Article ID: | iaor2002311 |
Country: | United Kingdom |
Volume: | 9C |
Issue: | 2 |
Start Page Number: | 135 |
End Page Number: | 154 |
Publication Date: | Apr 2001 |
Journal: | Transportation Research. Part C, Emerging Technologies |
Authors: | Gipps Peter G., Gu Kevin Q., Held Alex, Barnett Guy |
Keywords: | planning |
Planning a new road or railway can be an expensive and time-consuming process. There are numerous environmental issues that need to be addressed, and the problem is exacerbated where the alignment is also influenced by the location of services, existing roads and buildings, and the financial, social and political costs of land resumption. A comprehensive approach to the problem is available through the recent convergence of: geospatial imaging, softcopy photogrammetry, regional significance analysis and alignment optimisation. The first technology is concerned with obtaining low cost data containing far more information than was available in the past. The second two are concerned with extracting from that data, information essential to the planning process. The final technology is about automating the way alignments are generated to produce low cost, high quality routes.

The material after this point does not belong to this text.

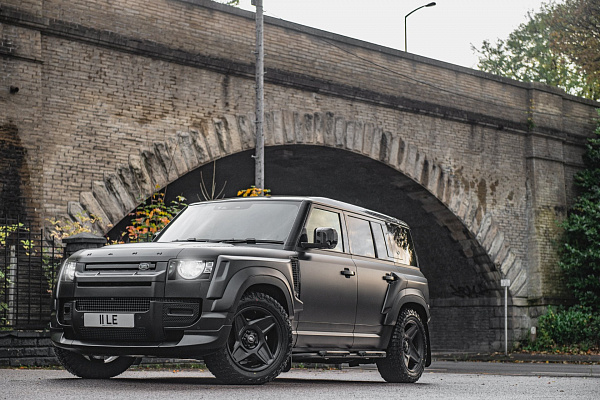 Фото дисков Kahn Mondial Heavy Duty RS Черный матовый на Land Rover Defender II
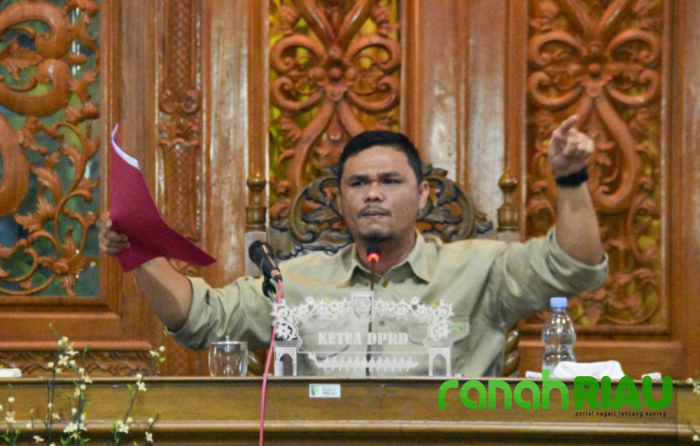 Beralasan SK Terkendala Jaringan Lelet, Dr Adam : Tolong, Jangan Membohongi Guru P3K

The convergence of these enabling technologies can have a major impact on the way that various jobs are performed – or whether they are done at all. Separately, they can have a major influence on a large number of disciplines, but taken in combination they can change the paradigm of alignment planning completely. By taking tasks that were previously difficult, time-consuming and expensive, and making them easy, fast and cheap, they can change completely the way alignments are planned.